Ans Panhorst-Niesink

Personal information
- Born: 28 October 1918 Amsterdam, the Netherlands
- Died: 25 July 2010 (aged 91) Amsterdam, the Netherlands

Sport
- Sport: Discus throw, shot put
- Club: Sagitta, Amsterdam

Medal record
Women's athletics
Representing the Netherlands
European Championships
| Silver medal – second place | 1946 Oslo | Discus throw |

= Ans Panhorst-Niesink =

Dutch discus thrower and shot putter

Anna Elisabeth "Ans" Panhorst-Niesink (28 October 1918 – 25 July 2010) was a Dutch athlete. She competed at the 1936 and 1948 Summer Olympics in the discus throw and finished in seventh and sixth place, respectively. In 1948 she also competed in the shot put, but failed to reach the final. She finished second and sixth in the discus throw and shot put, respectively, at the 1946 European Athletics Championships.

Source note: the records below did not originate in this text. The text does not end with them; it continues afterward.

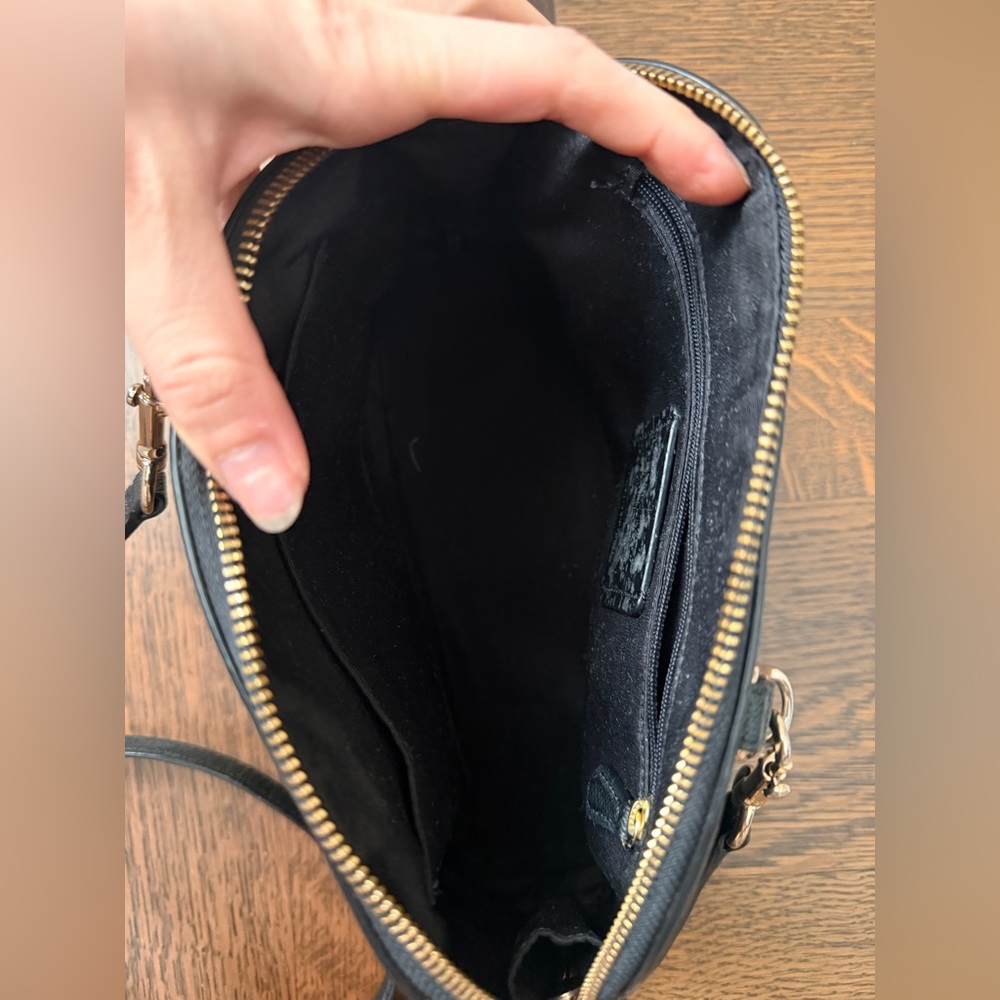 Coach Black Saffiano Leather Dome Satchel with Gold Hardware - Picture 7 of 16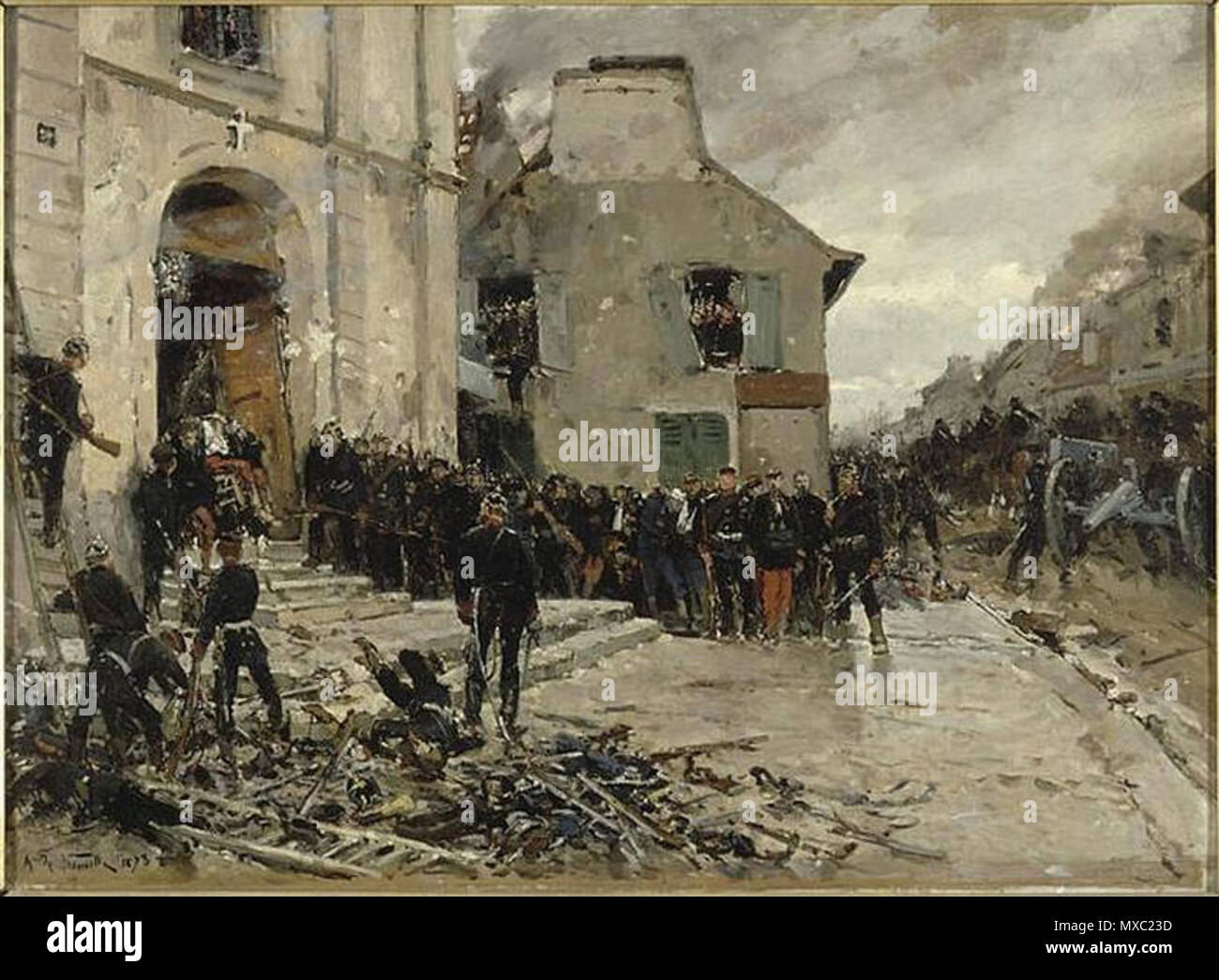 . Le Bourget . Français : tableau de 1878 d'Alphonse de Neuville. La défaite française lors de la première bataille du Bourget. Les troupes françaises s'étaient réfugiées pour une parte dans l'église Saint-Nicolas lors de la contre-attaque allemande du 30 octobre 1870. Deutsch: Gemälde von Alphonse de Neuville aus dem Jahr 1878, Die französische Niederlage in der Ersten Schlacht bei Le Bourget. Französische Truppen hatten sich bei der deutschen Gegenoffensive am 30. Oktober 1870 in die Kirche Saint-Nicolas zurückgezogen und mussten dort kapitulieren . 1878 362 Le Bourget, 30 octobre 1870 (1878 Foto Stock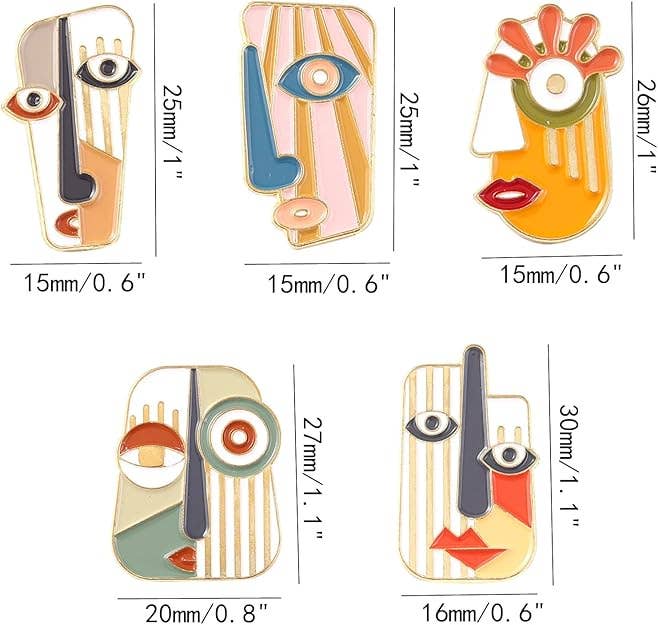 Magnifique Hearts – wholesale Lapel pin/button – Picasso-Style Abstract Face Enamel Pins (Set of 5)5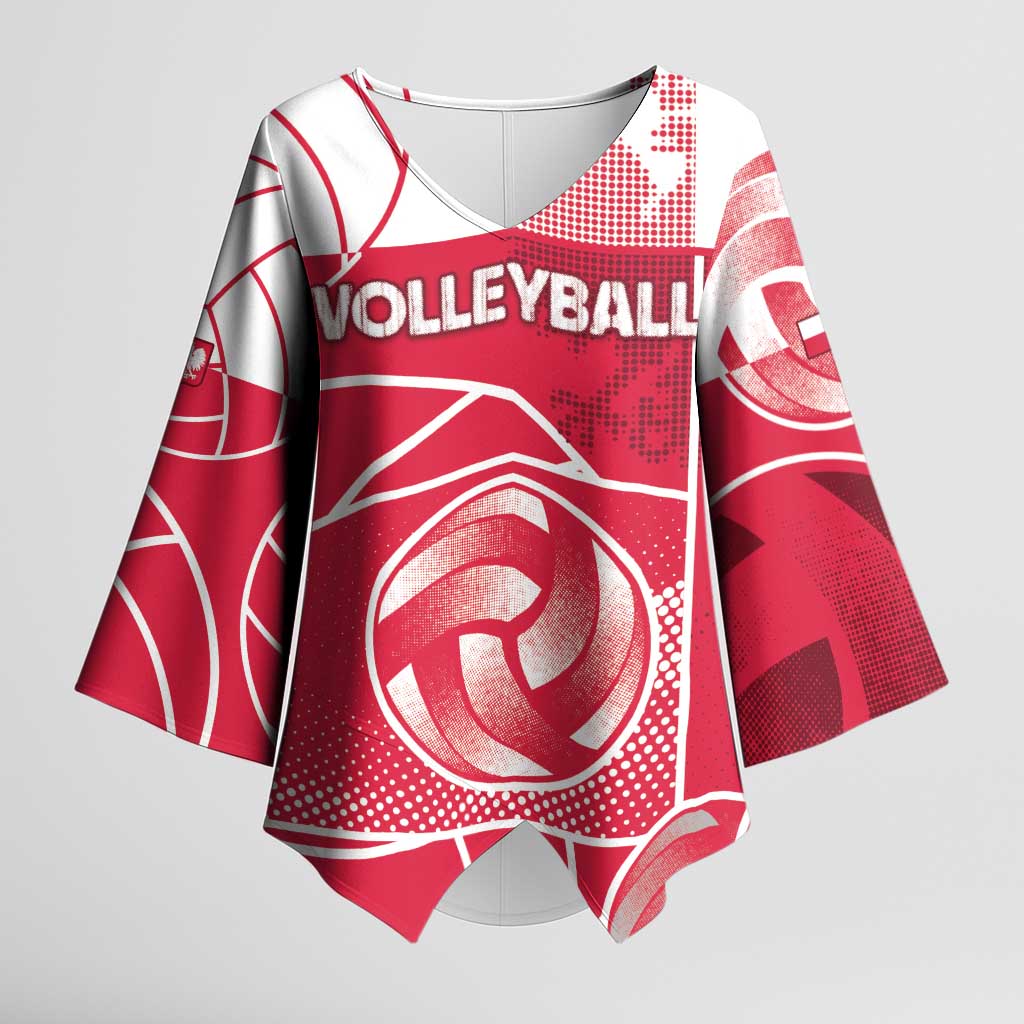 Custom Poland Volleyball Kimono Sleeve Blouse Halftone Dot Style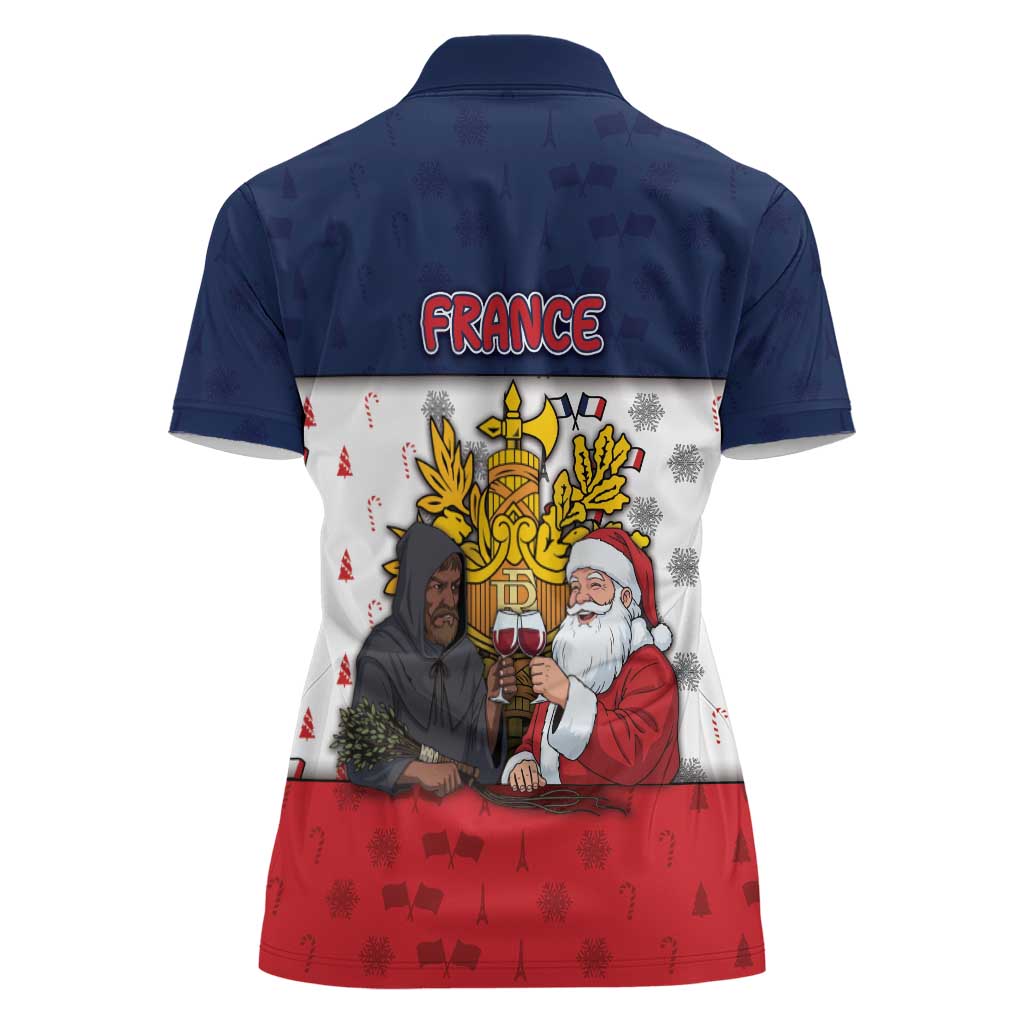 France Christmas Women Polo Shirt Pere Noel And Pere Fouettard - Wonder Print Shop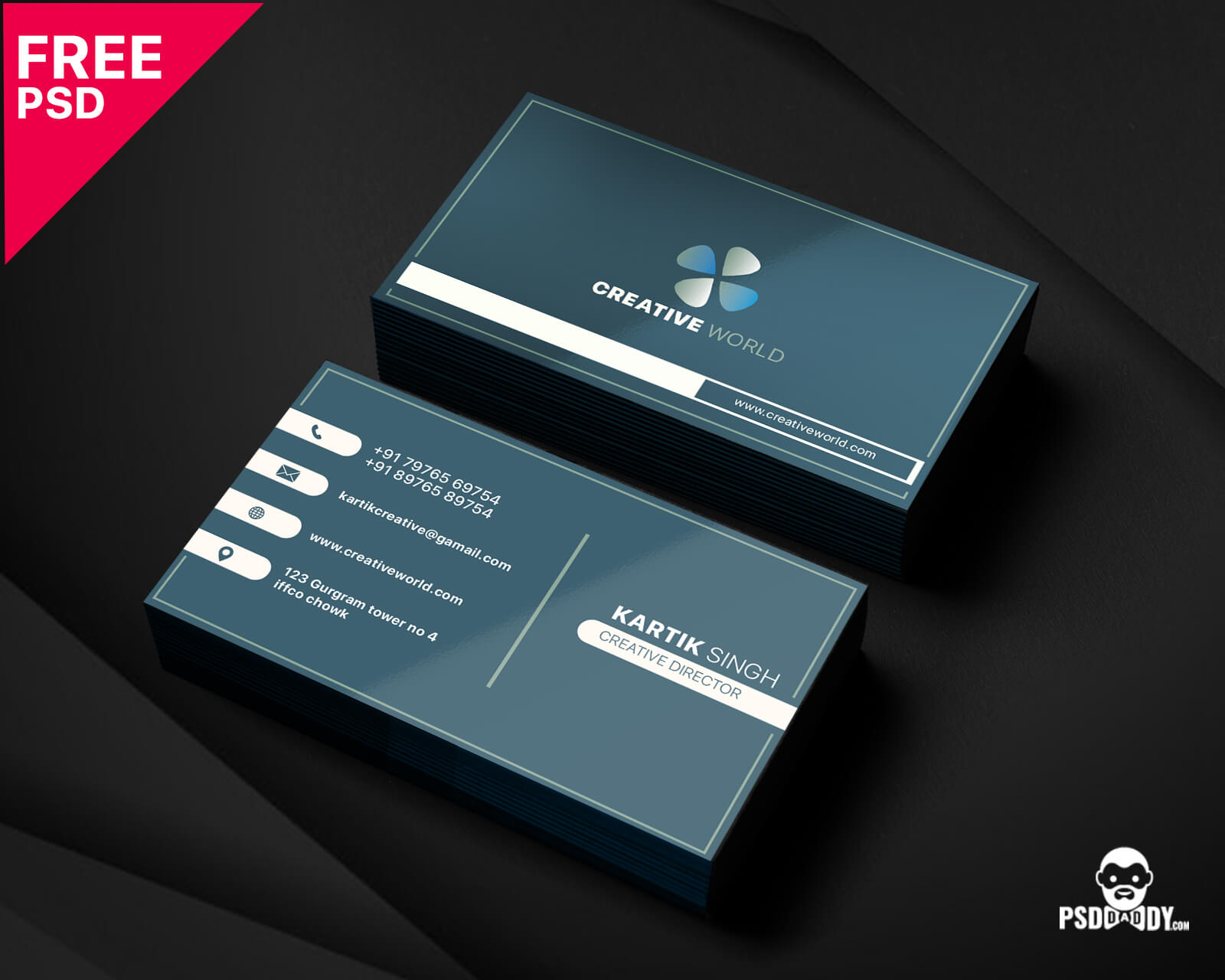Modern Corporate Business Card Template | Psddaddy In Iphone Business Card Template
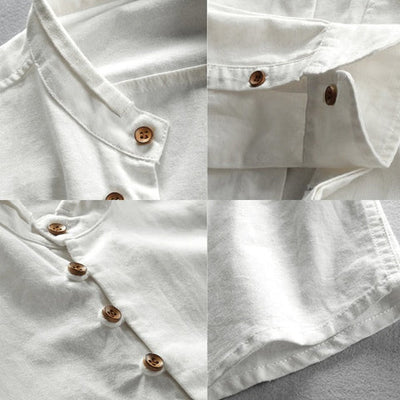 Shirt - Stand Collar And Vintage Button Placket Breathable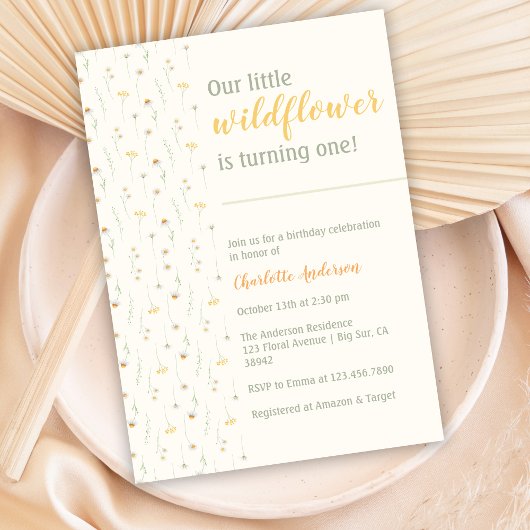 ボーホー リトル ワイルドフラワー 1歳の誕生日パーティー 招待状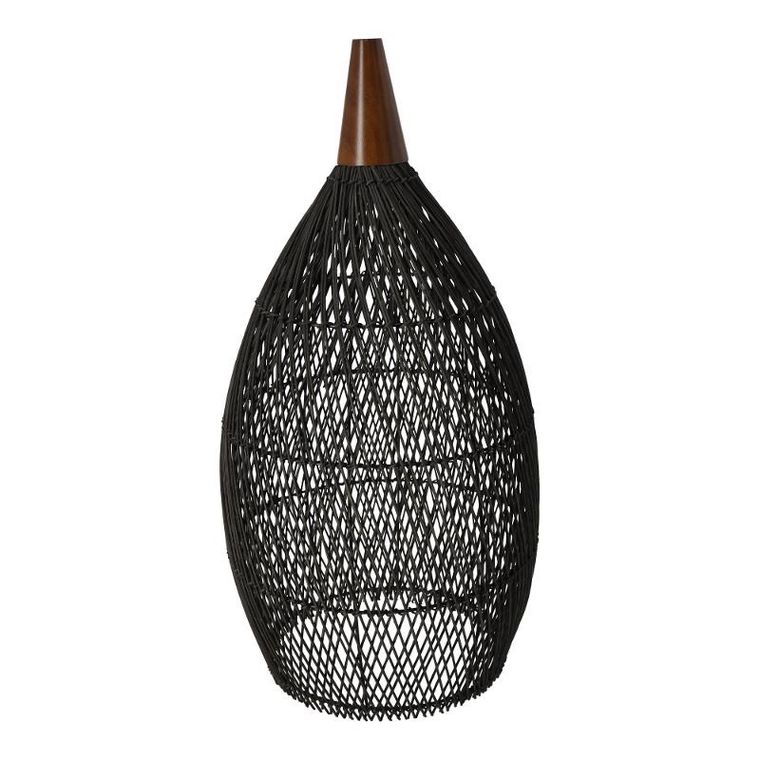 Rustykalna, lampa wisząca, rattanowa, 35 cm, czarna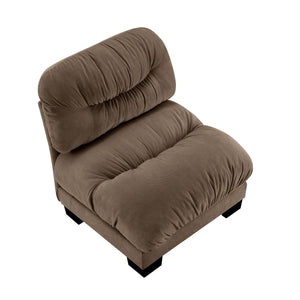 English Elm Flora Armless Chenille Sofa Pleated Back Modular Seating for Compact Living Rooms Brown W5656P454504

She was born Anna Niesink, then married and changed her last name to Panhorst-Niesink, and then to Woltman.

Niesink first trained in basketball and sprint, but then shifted to throwing events, in which she soon become a national leader – between 1937 and 1954 she won seven shot put and at least 14 discus titles and held the national records in both events. She continued competing in her forties, winning a medal in the Dutch championships at age 43.